Portfolio manager explains why move helps him address clients' needs

Why top advisor switched from bank to independent platform

Chad Larson said the decision to move from a bank to an independent platform means he can be more nimble in serving his “upmarket” clients.

It was announced this week that Larson had left National Bank Financial and moved his MLD Wealth Management Group to Canaccord Genuity Wealth Management, assuming the title of director, senior vice president, portfolio manager.

The Calgary-based advisor, #1 in Wealth Professional Canada’s 2018 Top 50 Advisors list, said that while he enjoyed his time with the bank, he had simply come to the conclusion that Canaccord’s culture and independent platform was “a better fit” for his business.

He said: “It’s a fantastic move and such a great fit.
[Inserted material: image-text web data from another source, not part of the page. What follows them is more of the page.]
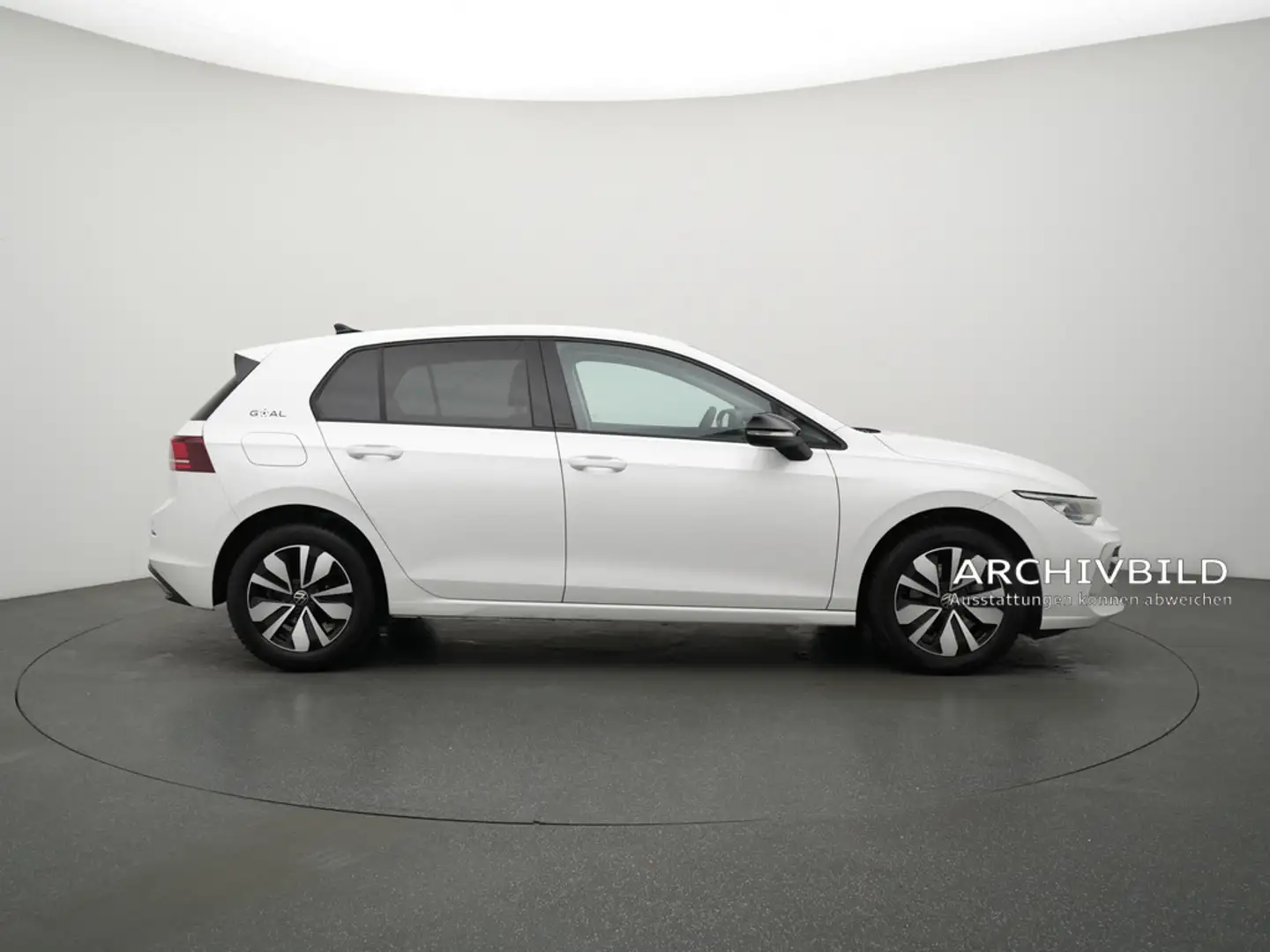 Volkswagen Golf VIII Goal DSG KAM LED SHZ PDC VIRT ACC NAVI Schwarz - 2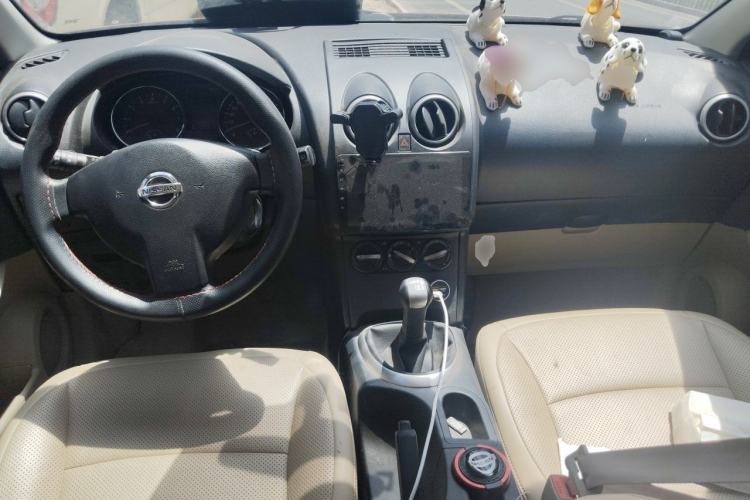 Used Nissan Qashqai 2012 1.6XE Wind 5MT 2WD Center Console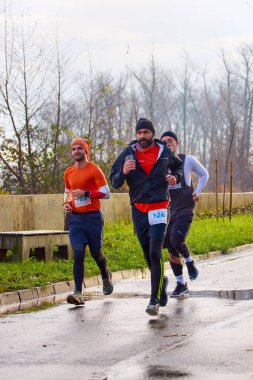 Pitesti Romanya 11-2022 Aralık. Yerel toplumda spor ve sağlığı desteklemek için yarı maraton, spor etkinliği.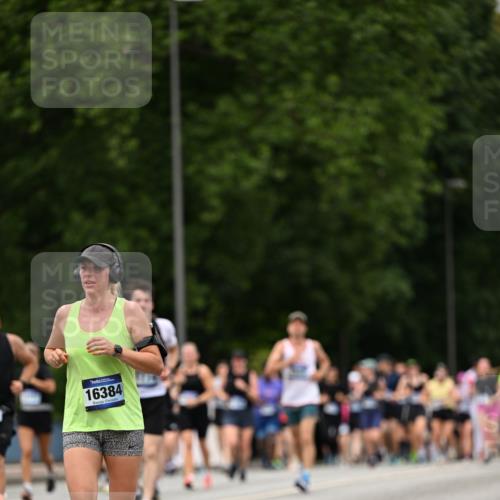 29.06.2025 - hella hamburg halbmarathon Dr. Thomas Lammeyer http://msf.ph/oto/8424877 29.06.2025 10:49:42 Kennedybrücke 1024, 1774, 1798, 2550, 2779, 3570, 3993, 4275, 4337, 4388, 5099, 5190, 5339, 5949, 6841, 6888, 7699, 7859, 7912, 8745, 8907, 9536, 10562, 10668, 10727 meine-sportfotos.de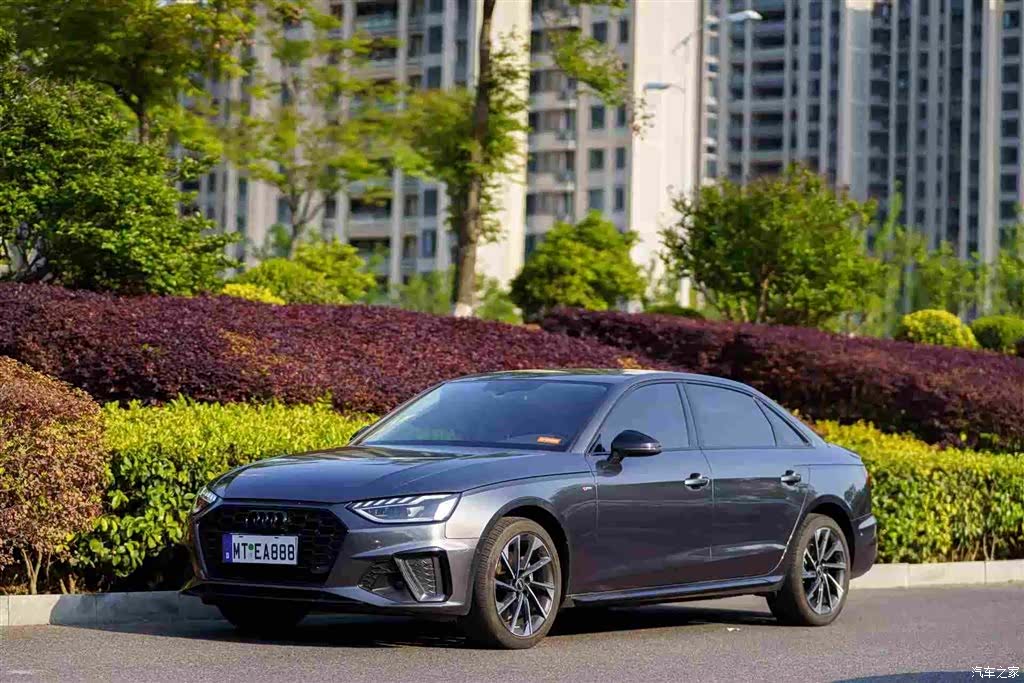 Audi A4L, 2022 1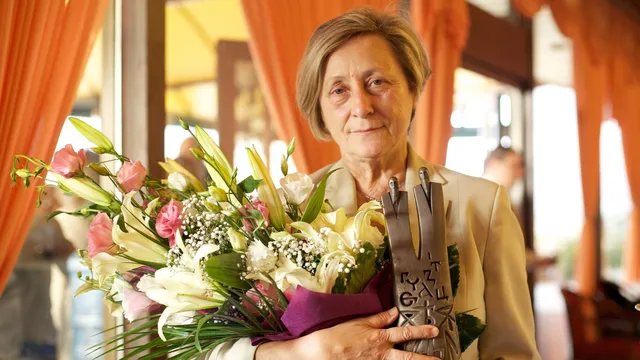 Нешка Робева срещу Хелоуин: „Честит празник, тиквопоклонци!“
We came to the realisation a while back that as we developed and refined our own process and invested very heavily in our own people, our processes and our philosophies, they were not congruent with the vision of the bank-owned dealers.”
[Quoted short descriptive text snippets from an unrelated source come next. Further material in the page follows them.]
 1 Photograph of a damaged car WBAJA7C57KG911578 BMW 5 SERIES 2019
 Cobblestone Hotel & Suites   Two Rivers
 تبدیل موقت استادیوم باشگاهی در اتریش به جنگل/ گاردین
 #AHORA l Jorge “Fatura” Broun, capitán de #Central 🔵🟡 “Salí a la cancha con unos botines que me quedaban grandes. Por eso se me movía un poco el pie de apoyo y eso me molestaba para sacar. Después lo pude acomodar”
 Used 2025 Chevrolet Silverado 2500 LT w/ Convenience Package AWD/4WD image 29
He added: “We’re not all things to everyone; we are all things to a very small group of clients, and their needs are incredibly diverse and expansive now and in the future.”
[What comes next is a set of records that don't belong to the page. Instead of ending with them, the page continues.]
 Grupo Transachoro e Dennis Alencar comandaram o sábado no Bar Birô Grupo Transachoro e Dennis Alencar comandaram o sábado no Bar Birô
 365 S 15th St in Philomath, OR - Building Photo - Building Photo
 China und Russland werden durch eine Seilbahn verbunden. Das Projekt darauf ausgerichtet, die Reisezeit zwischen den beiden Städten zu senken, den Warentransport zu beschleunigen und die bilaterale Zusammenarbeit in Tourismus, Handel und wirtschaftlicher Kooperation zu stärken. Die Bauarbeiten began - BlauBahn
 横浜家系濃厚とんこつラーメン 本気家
Larson said the large bank platforms are great but sometimes homogenous with their scale built around product, whereas he feels “true scale is built by process and people, which are harder to manufacture and control”. The credit crash, he added, has made banks stronger but less nimble.

Larson said his assets are growing as high-end clients, enthused by the new independent platform, transfer more cash across. One recently turned a $500,000 account into a $10 million one based primarily on the switch.

He said: “We manage towards supporting great businesses. They are not all the same. There are unique styles of doing business with unique clients with unique goals, and we needed to ensure we didn’t have any restrictions in how we provided advice to our clients.”

Despite such a big career move, Larson has not been distracted from the markets. He called February’s downtick the “first crack in the sentiment armour” and said there are three big challenges facing investors in the next quarter: the late stage of the cycle, valuations and wavering sentiment.

He believes valuations are stretched and that a reversion to the mean would suggest the S&P 500 could retreat, although the amazing growth of tech companies casts uncertainty over whether they are over or fairly valued, so he is watching closely.

He said: “We have to be optimistically cautious. We are carrying an elevated weighting in cash, we have maintained our exposure to the US dollar and we have pared back exposures and harvested profits where we can. We’re neither bullish nor bearish; we are somewhere neutral.

“In the late stages of a cycle we’re knife fighting for basis points here and it’s all hands on decks to make sure we meet the needs of our clients.”